During the MNBBA, observers tallied a total of 47 Short-eared Owl records in only 41 of the surveyed atlas blocks and in 24 of the priority blocks. Breeding was confirmed in 7 blocks (Figures 2 and 3; Table 1). The birds were reported from 13 of Minnesota’s 87 counties and were confirmed breeding in 5 counties (1 record was on the Polk/Marshall county line, where the young were reported on both sides of the road and county line). Of the confirmed breeding records, 3 counties were additions to the list published by Hertzel and Janssen in 1998: Kittson, Pennington, and Polk. Aside from a few recent reports in the southwestern corner of the state, the records were confined to Aitkin County and to four counties in the Aspen Parklands.
A detailed record submitted by Bill Blackburn on June 23, 2012, helps provide some context regarding the species’ relative abundance in northern Polk County during the atlas:
Should be noted that Short-eared Owl pairs have territories every two square miles throughout the area. Only the highest breeding evidence code recorded, but Short-eared Owls seen each visit (near daily). Estimated 5 pairs in the block, all south of the Marshall/Polk County line; 4+ in areas immediately adjacent to block (primarily south and east).

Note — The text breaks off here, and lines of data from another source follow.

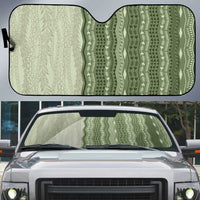 Vintage Sage Green Hawaiian Traditional Kapa Mix Flowers Lei Auto Sun Shade LT7 Sage Green - Polynesian Pride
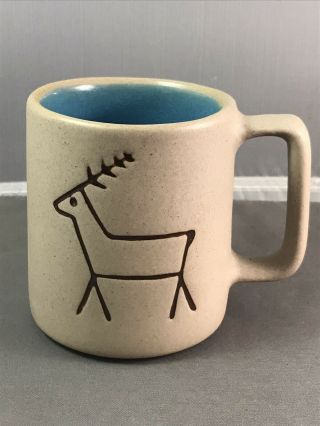 Pigeon Forge Pottery Cup/mug Stoneware - Deer Blue Interior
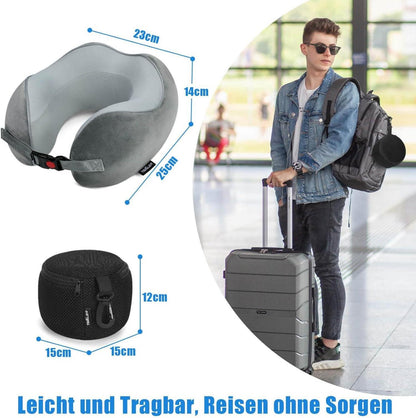 Nackenkissen Reise Memory Foam Nackenhörnchen Auto waschbar Grau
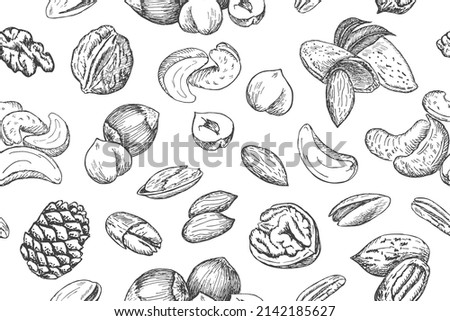 Seamless pattern with nuts - almond, cashew, walnut, pecan, pistachio. Vintage vector illustration background with hand drawn sketch. Food texture for grocery shop. Line art style. Royalty-Free Stock Photo #2142185627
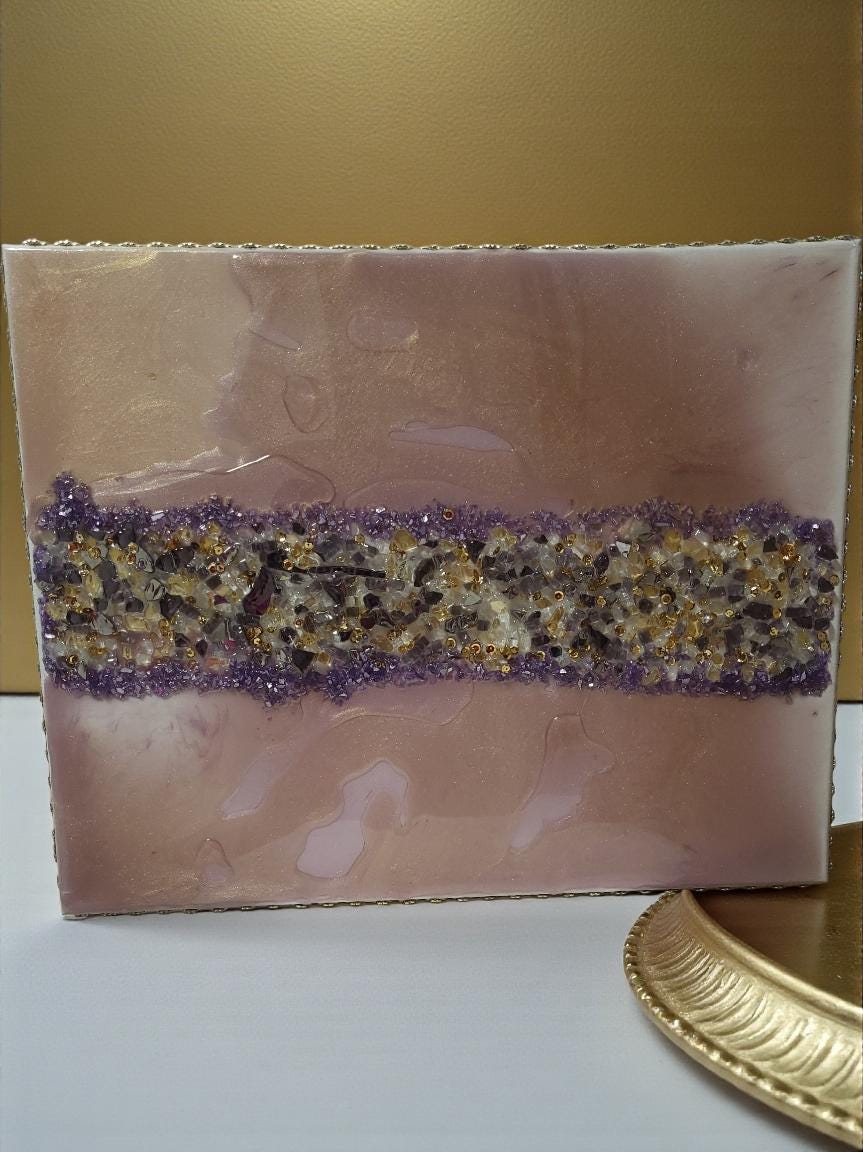 3D Abstract Crystal/Resin Canvas Painting, Gold/Purple/Clear Artwork (16x20) SET OF 2 PIECES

It is difficult to discern if the current distribution of the Short-eared Owl differs from that described by Roberts nearly a hundred years ago. Further east, the species’ range has receded in New England, where it originally nested in at least eight states. Now it is present in only three: Massachusetts, New York, and Pennsylvania. Further south, the species’ increasing presence in southern Florida is thought to represent colonization northward from Cuba. The Short-eared Owl population on the island increased in numbers and expanded in distribution as the cultivation of rice, sugar, and citrus fruits increased in the late 1900s, providing a more abundant and stable prey base. This, in turn, may have forced younger birds to disperse north to southern Florida (Wiggins et al. 2006). Closer to home, in the Upper Midwest and across the Great Lakes, it is difficult to interpret changes in abundance and distribution noted by some atlases, especially in light of the species’ nomadic tendencies and sporadic breeding. Studies in Alaska, for example, have shown a tight correlation between breeding densities and prey abundance (Wiggins et al. 2006).
*Note that the definition of confirmed nesting of a species is different for Breeding Bird Atlas projects, including the definition used by the Minnesota Breeding Bird Atlas, compared with a more restrictive definition used by the Minnesota Ornithologists’ Union. For details see the Data Methods Section.